**TASK PROMPT:**
The listing below is to be copied exactly, with pictures excluded.

**SOURCE MATERIAL:**
-- -- --

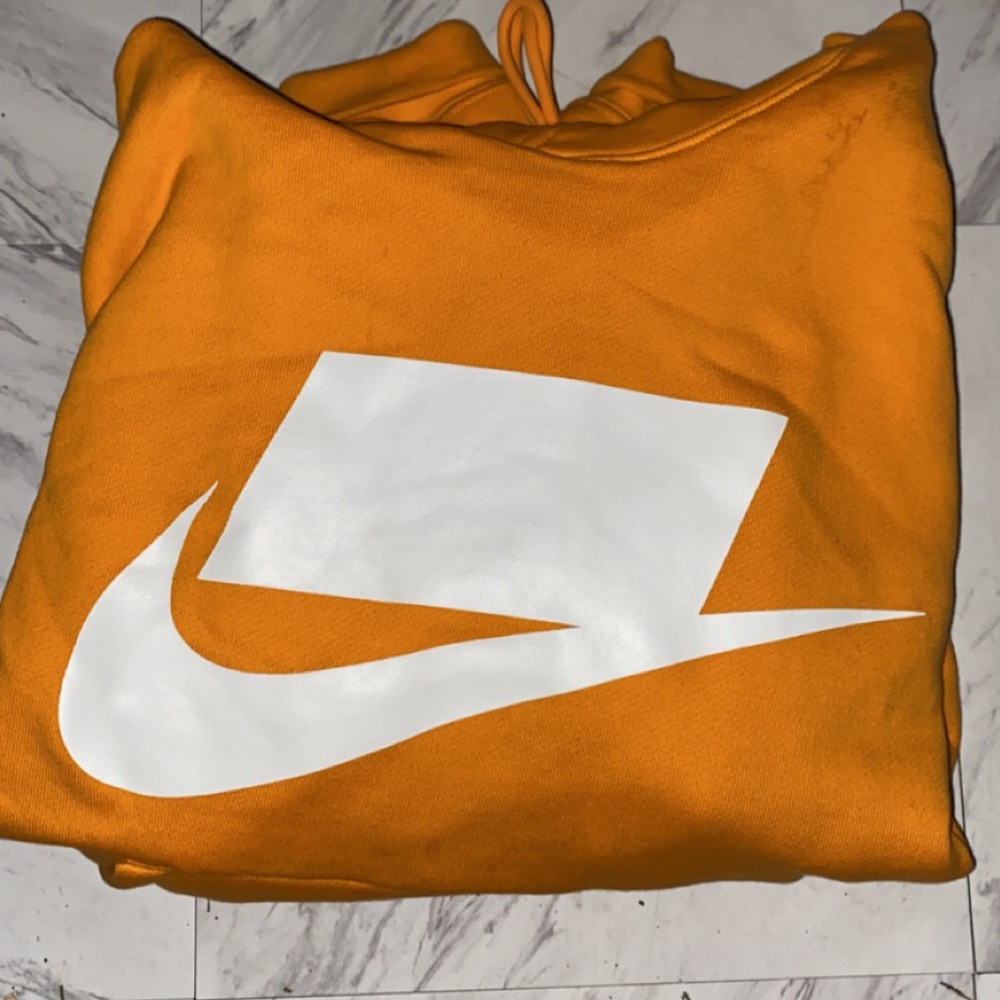 RARE NIKE NOT A SAMPLE HOODIE❤️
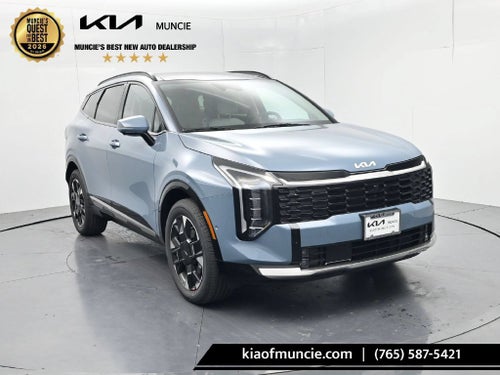 2027 Kia Sportage Hybrid SX-Prestige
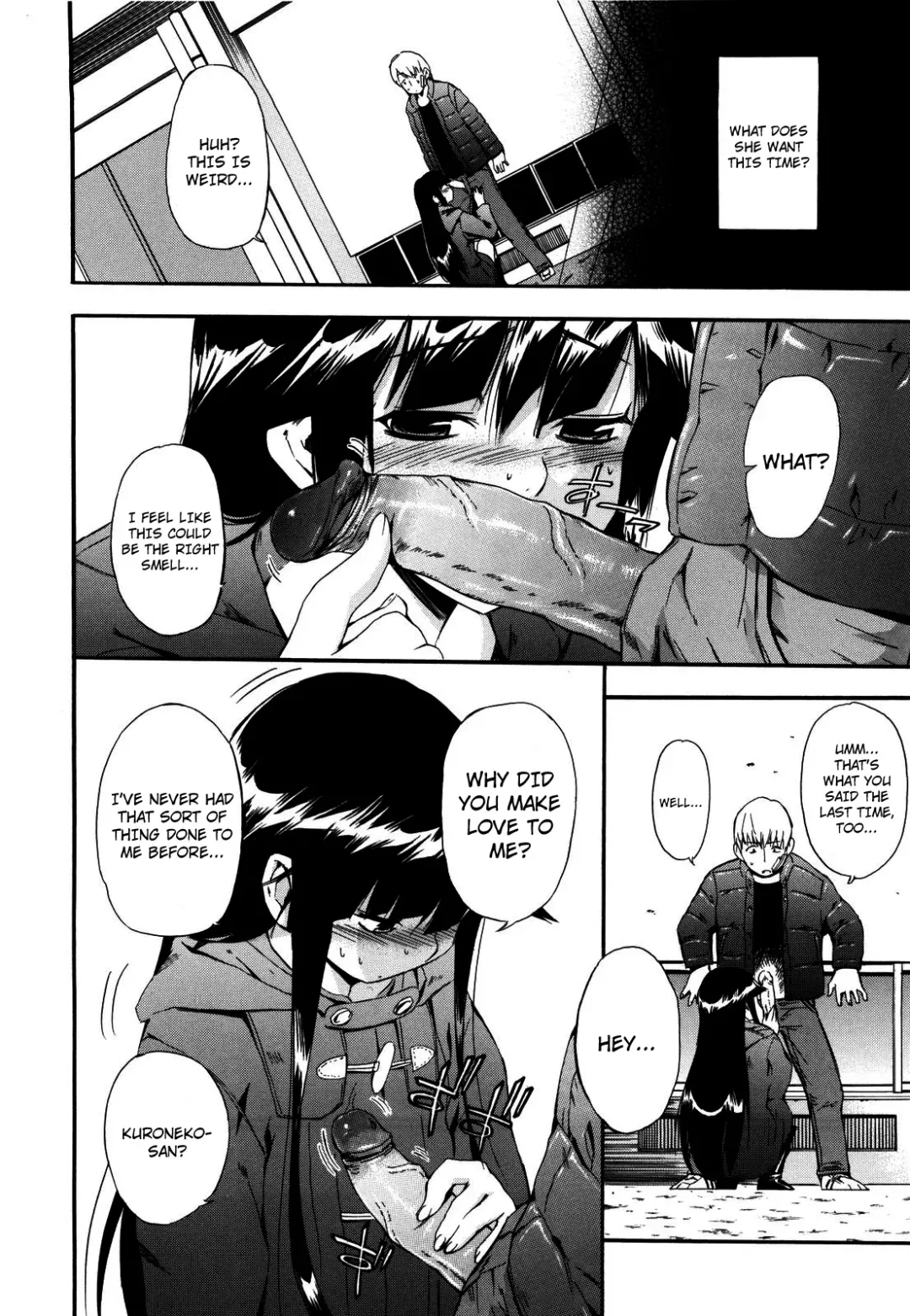 [Inu] Lucky na Hi | Lucky Day (decensored) Fhentai - Page 118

-- -- --

**WORKED SOLUTION:**
 RARE NIKE NOT A SAMPLE HOODIE❤️
 2027 Kia Sportage Hybrid SX-Prestige
 [Inu] Lucky na Hi | Lucky Day (decensored) Fhentai - Page 118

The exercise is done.